Other dental insurance providers use annual benefits limitations to restrict policyholder usage, providing coverage for only a set number of dental procedures or types of dental services.

While annual benefits limitations may seem excessively restrictive, they allow dental insurance providers to keep annual premium costs to a minimum.

The Most Common Types of Dental Insurance Plans

Luckily, there are not quite as many types of dental insurance plans as there are medical insurance plans to understand and sort through.

The two primary categories of dental insurance plans include dental indemnity insurance, paid through a direct reimbursement scheme or a schedule of allowances plan, and managed care dental insurance policies.

Some people also opt for a dental discount program (DPP), not technically an insurance plan but a savings program nonetheless.
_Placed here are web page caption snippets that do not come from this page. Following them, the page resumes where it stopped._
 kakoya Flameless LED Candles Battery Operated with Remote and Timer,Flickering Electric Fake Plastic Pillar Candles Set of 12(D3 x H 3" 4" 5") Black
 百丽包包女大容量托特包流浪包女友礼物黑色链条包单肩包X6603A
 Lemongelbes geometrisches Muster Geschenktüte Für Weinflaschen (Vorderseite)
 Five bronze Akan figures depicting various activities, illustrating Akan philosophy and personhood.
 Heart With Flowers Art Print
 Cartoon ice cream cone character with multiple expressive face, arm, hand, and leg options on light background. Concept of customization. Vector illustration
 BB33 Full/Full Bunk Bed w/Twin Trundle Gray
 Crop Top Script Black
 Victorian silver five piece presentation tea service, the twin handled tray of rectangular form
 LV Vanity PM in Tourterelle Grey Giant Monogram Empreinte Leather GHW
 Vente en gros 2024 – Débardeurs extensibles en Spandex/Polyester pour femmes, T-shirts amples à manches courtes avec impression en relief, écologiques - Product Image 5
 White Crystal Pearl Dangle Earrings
The most common types of dental insurance plans available today include:

  • Dental indemnity insurance programs are the typical type of insurance plan that pays for a percentage of dental services rendered after the policyholder submits a claim for covered dental work. Within dental indemnity insurance programs, patients can choose to see practically any dentist they want, but have to pay all costs upfront and wait for a reimbursement from the insurance provider later. Some plans, however, allow for pre-claims to be submitted for planned dental work. Most dental indemnity insurance plans provide reimbursements in one of two ways:
    • Direct reimbursement dental insurance plans provide program participants with a percentage of all funds spent on eligible dental work, regardless of the specific dentist seen or services received. These types of indemnity plans tend to offer some of the most comprehensive coverage options available in dental insurance plans, but also some of the highest annual premium costs.
    • Schedule of allowances dental insurance plans have an established table of payments that dictates how much a policyholder will receive for any eligible dental procedure. These payments are set regardless of what an individual dentist may charge or how much the patient paid at the time of service. This type of dental indemnity insurance plan generally makes it easy for participants to estimate their out-of-pocket costs, since they do not have to wait for a decision to be made by the insurance provider concerning how much they will cover.
  • Managed care dental insurance policies are most often dental health maintenance organizations (DHMOs) or dental preferred provider organizations (DPPOs), insurance policies with established networks of participating dentists.
    • DHMOs provide policyholders with a network of dentists to choose from for free or reduced price dental services in exchange for an annual premium and some combination of out-of-pocket fees like deductibles, copayments and coinsurance fees. DHMOs do not usually provide much coverage for out-of-network dentists but do provide plan participants with serious savings on dental work.
    • DPPOs also offer program participants a network of dentists to choose from for primary care, though out-of-network dentists can generally be seen for a discount as well. Enrollees in DPPOs must pay either the dentist’s fees or the maximum allowable fee according to the insurance provider, whichever is lower. Dental exclusive provider organizations (DEPOs) are also available, and the DEPO plans provide restricted access to a dentists’ network but cost significantly less than the average DPPO.
  • Discount Dental Plans (DPPs) provide program participants with an established discount on most dental services that are provided by a set network of participating dentists. Some DPPs can save patients over 50 percent on preventative dental work or basic procedures. DPPs never have a waiting period and generally cost much less than dental insurance programs.